Gebirgswanderer nutzen früher Gehstöcke mit eisernen Haken als Handgriff. Diese Haken dienten dazu, ähnlich einem Eispickel, bei kleinen Klettereien haltsuchend in den Fels gehakt zu werden. Derart kann auch ein geschnitzer Stab hilfreich sein, im Gebirge, aber zb auch beim Auf- oder Abstieg an steilen Sandhängen, Geröllfeldern usw. Gegen die Strömung seitlich neben uns ins Wasser und auf den Flussgrund gesteckt, stabilisiert der Stab uns beim Durchqueren reißender Wasserläufe; er bricht zudem etwas den Strömungsdruck. Für Blinde ist ein Stock ein Tastinstrument, ebenso für uns, wenn wir, warum auch immer, im Dunkeln tappen. Fackeln sollten woanders beschrieben werden, aber entzünden wir ein Stock-Ende, müssen wir überhaupt nicht mehr im Dunklen tappen. Nach Lawinenabgang dient der Stab bei der Suche nach Verschütteten als Sonde.

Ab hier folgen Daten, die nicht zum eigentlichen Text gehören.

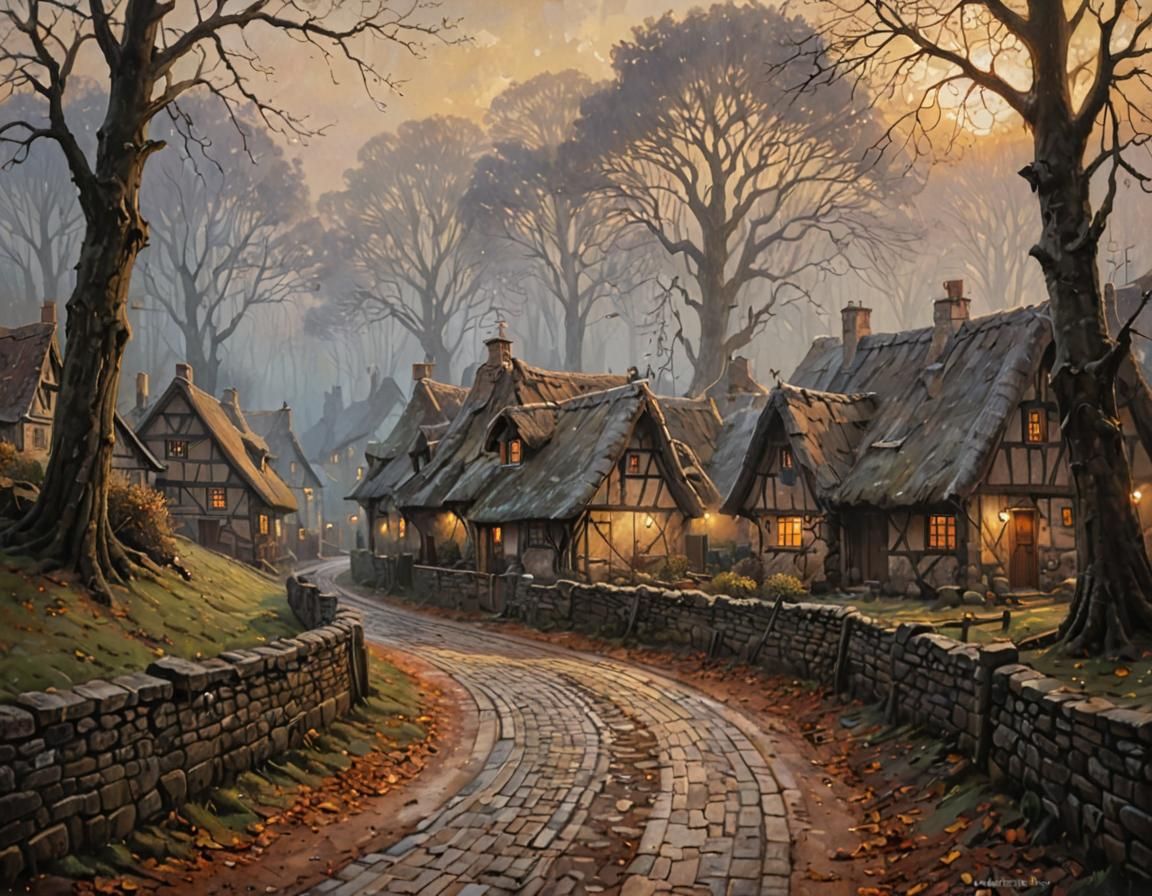 Dark Fantasy Village in Impressionistic Acrylic Painting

Wo immer gegraben, gescharrt und gekratzt werden soll, der Stab eignet sich; nötigenfalls schnitzt man ein Ende rasch zurecht. Breit keilförmig geschnitzt zerbrechen wir damit morsches Holz und wühlen im Erdreich auf der Suche nach leckeren Käferlarven oder Wurzeln. Auch graben wir Feuergruben und öffnen Kaninchenbauten mit dem Grabstab. Ist die keilförmige Spitze griffartig vom Stab abgewinkelt, kann man sie als Hacke nutzen. Mit Schnur und Haken wird aus dem Stab eine Angel.
Wir sehen, ein Wanderstab kann den Bedürfnissen angepasst werden und ist ein sehr vielseitiges Utensil. Rüdiger Nehberg sagte (glaube ich) einmal sinngemäß, wenn man einen Wanderstab und noch ein kleines Querholz dabei hat, dann führt man praktischerweise auch gleich sein persönliches Grabkreuz mitsich, und ist wahrlich auf alle Eventualitäten vorbereitet.